Goal of the exercise =>
Print the entries verbatim, leaving out the images they contain.

---------- Task data

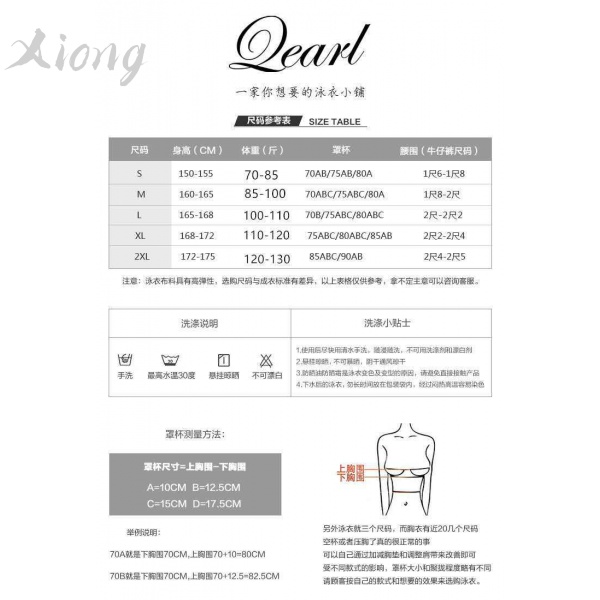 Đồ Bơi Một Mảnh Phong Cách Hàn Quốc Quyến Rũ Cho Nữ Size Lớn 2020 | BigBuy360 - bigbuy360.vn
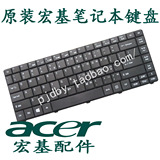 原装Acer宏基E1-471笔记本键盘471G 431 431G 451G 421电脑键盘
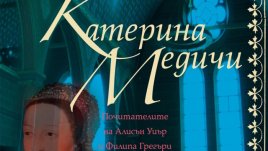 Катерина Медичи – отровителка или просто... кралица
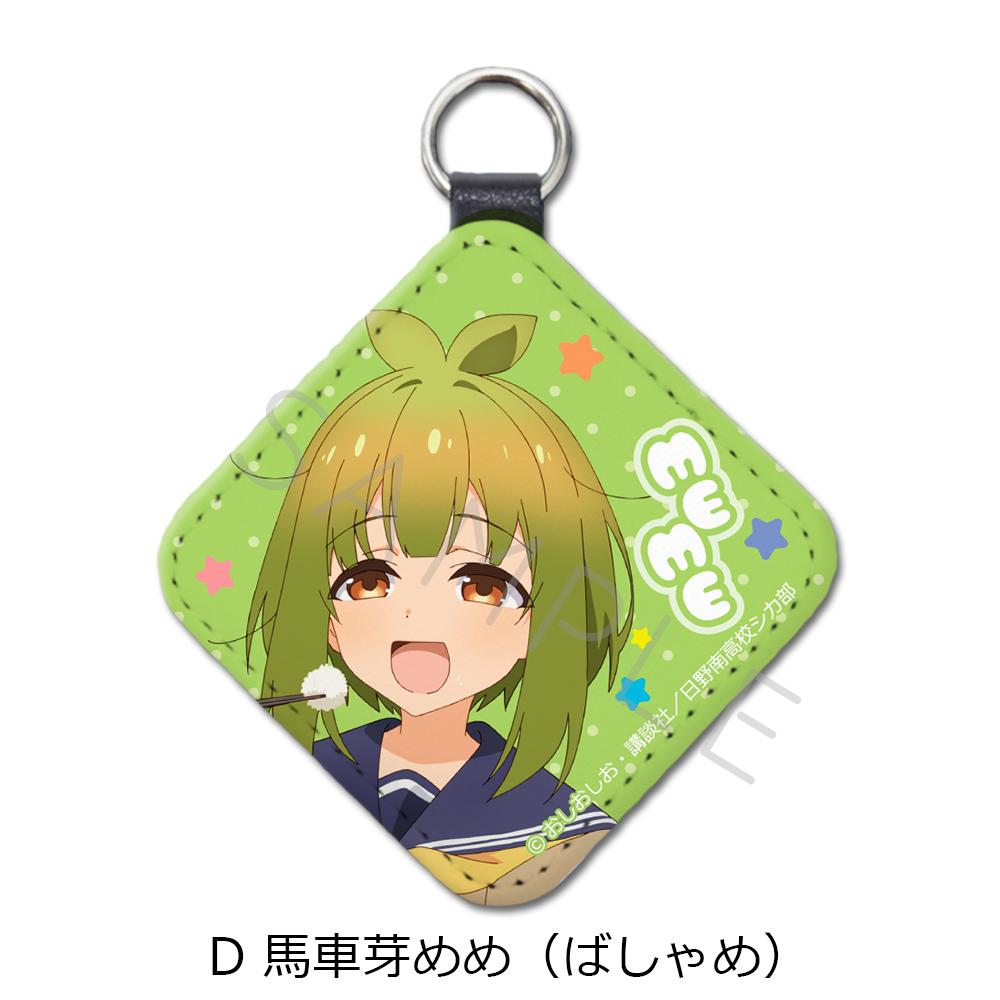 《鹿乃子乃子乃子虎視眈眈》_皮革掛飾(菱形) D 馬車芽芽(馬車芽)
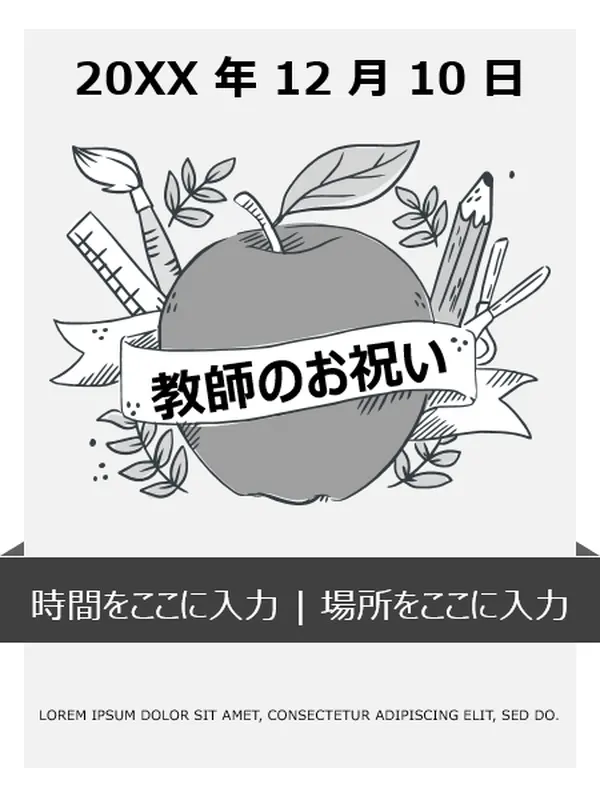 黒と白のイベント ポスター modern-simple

--------------------

Answer space =>
 Đồ Bơi Một Mảnh Phong Cách Hàn Quốc Quyến Rũ Cho Nữ Size Lớn 2020 | BigBuy360 - bigbuy360.vn
 原装Acer宏基E1-471笔记本键盘471G 431 431G 451G 421电脑键盘
 Катерина Медичи – отровителка или просто... кралица
 《鹿乃子乃子乃子虎視眈眈》_皮革掛飾(菱形) D 馬車芽芽(馬車芽)
 黒と白のイベント ポスター modern-simple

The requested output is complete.